Feature by Rosamund West | 04 Jul 2014

Running through May and June in venues across Edinburgh, the Let’s Glow festival celebrates the creative students of Edinburgh College (the colleges formerly known as Telford, Jewel & Esk and Stevenson) in disciplines ranging from contemporary art to 3D design.

In Summerhall, the Hi Vis exhibition invades the venue’s basement gallery spaces to present a degree show-style display from a range of specialisms offered by the College. The students on show have all earned an HND-level qualification, providing them with either entry into 2nd or 3rd year of an honours degree at various respected art schools across Britain, or the professional training to head straight into running their own creative businesses. This is the first time so many of the departments have been brought together in Summerhall, which is a move calculated to offer a professional-level showcase to the departing graduates.
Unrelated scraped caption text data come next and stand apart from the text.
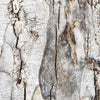 Notecard 3087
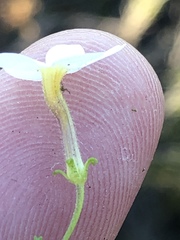 Jamesbrittenia argentea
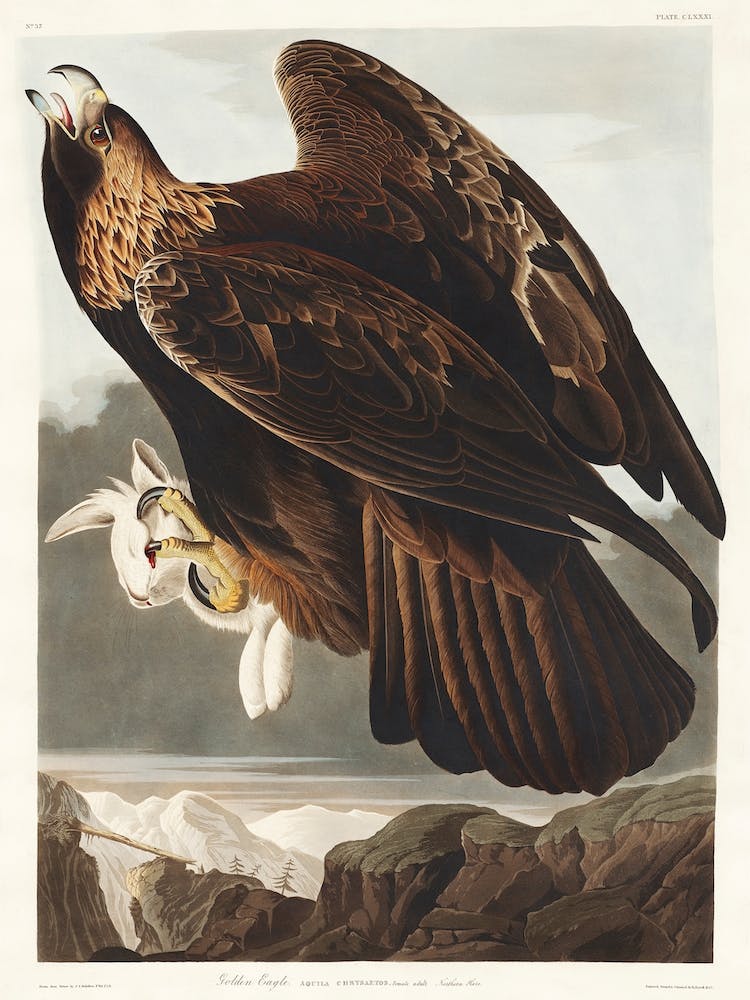 Golden Eagle, Birds Of America, John James Audubon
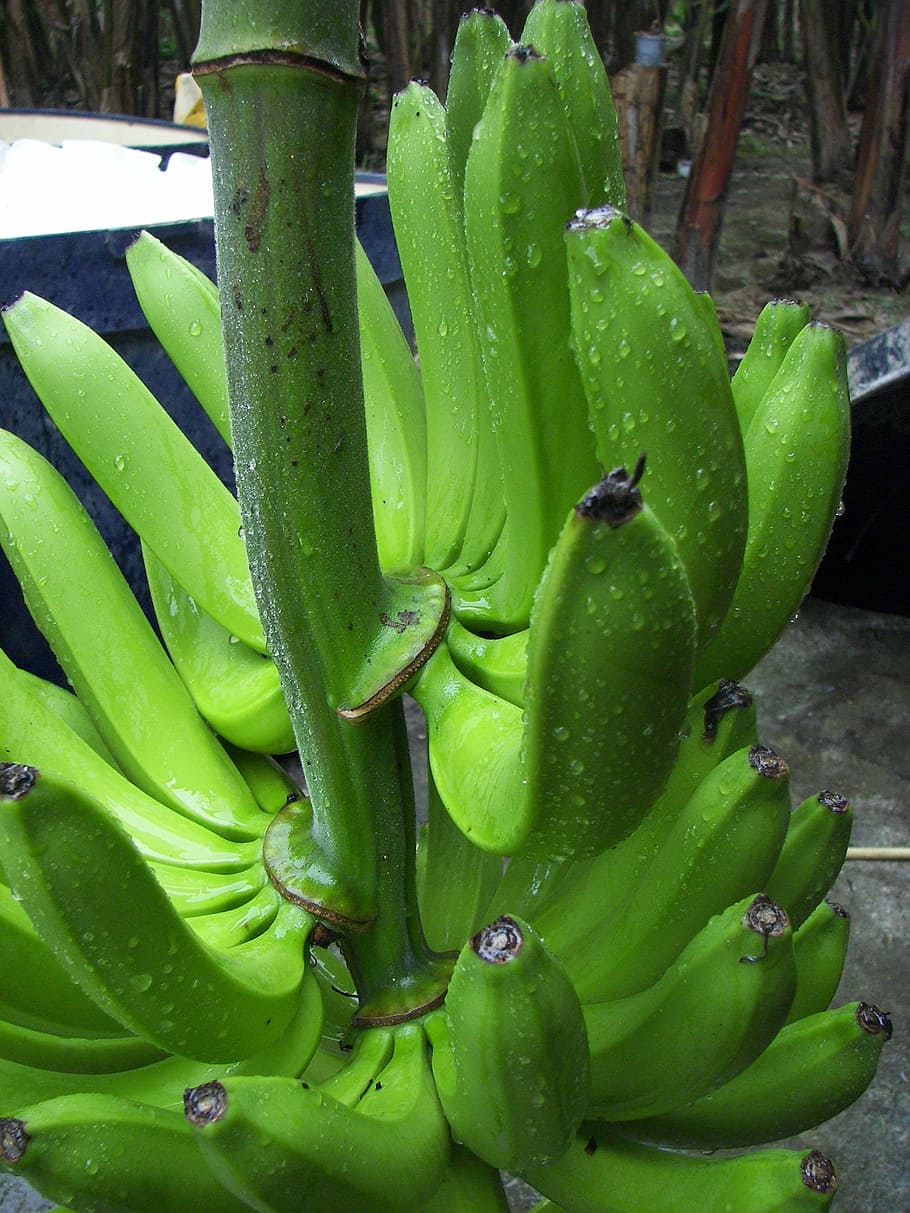 banana shrub, cavendish variety, bio, ecuador, harvest, green color, freshness, food and drink, close-up, growth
Moving them out of the Granton campus environment offers a new practical challenge and, crucially, encourages figures from industry to attend and view the work, raising awareness and hopefully resulting in some job offers.
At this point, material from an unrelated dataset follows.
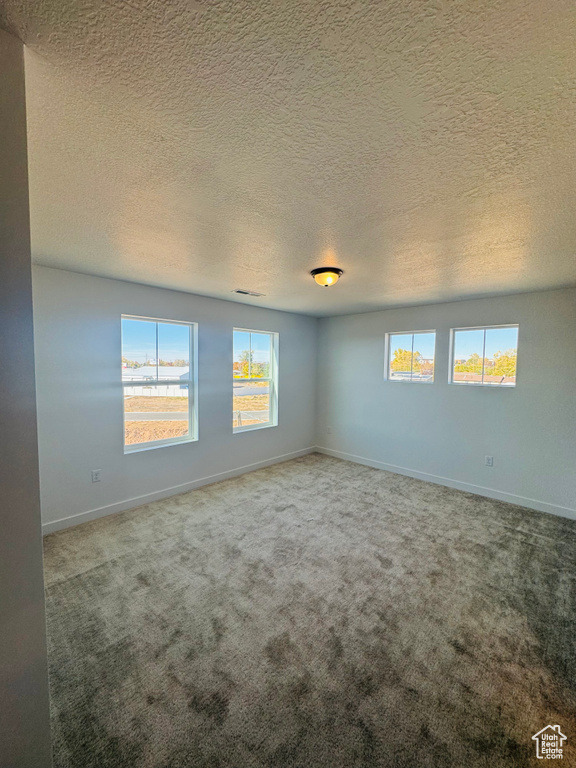 Unfurnished room with healthy amount of natural light, carpet flooring, and a textured ceiling
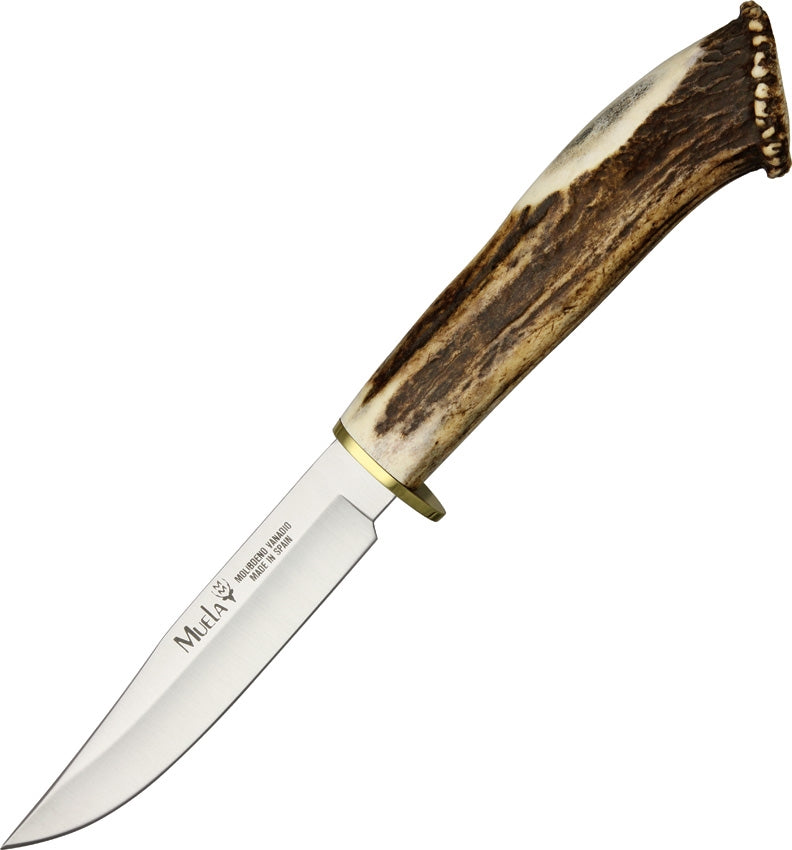 Muela Hunter Fixed Knife 4.75" Stainless Steel Blade Crown Stag Handle G12S -Muela - Survivor Hand Precision Knives & Outdoor Gear Store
It’s the ambition of these students that’s particularly striking. In 3D Design, Maja Markowiak stands out. A mature student who has worked her way from night classes at the college to this HND and, next, entry to third year at GSA studying interior design, her plans offer a utopian vision of a creative community. Influenced by Le Corbusier, she’s redesigned the Summerhall building into a studio system for graduates offering them a one year contract to support their start-up businesses. It’s a neat idea, providing the nascent designer-entrepreneurs with a supported space to develop and sell, and the customers a single-destination hub to go and procure cutting edge art and design. Someone should probably just build it.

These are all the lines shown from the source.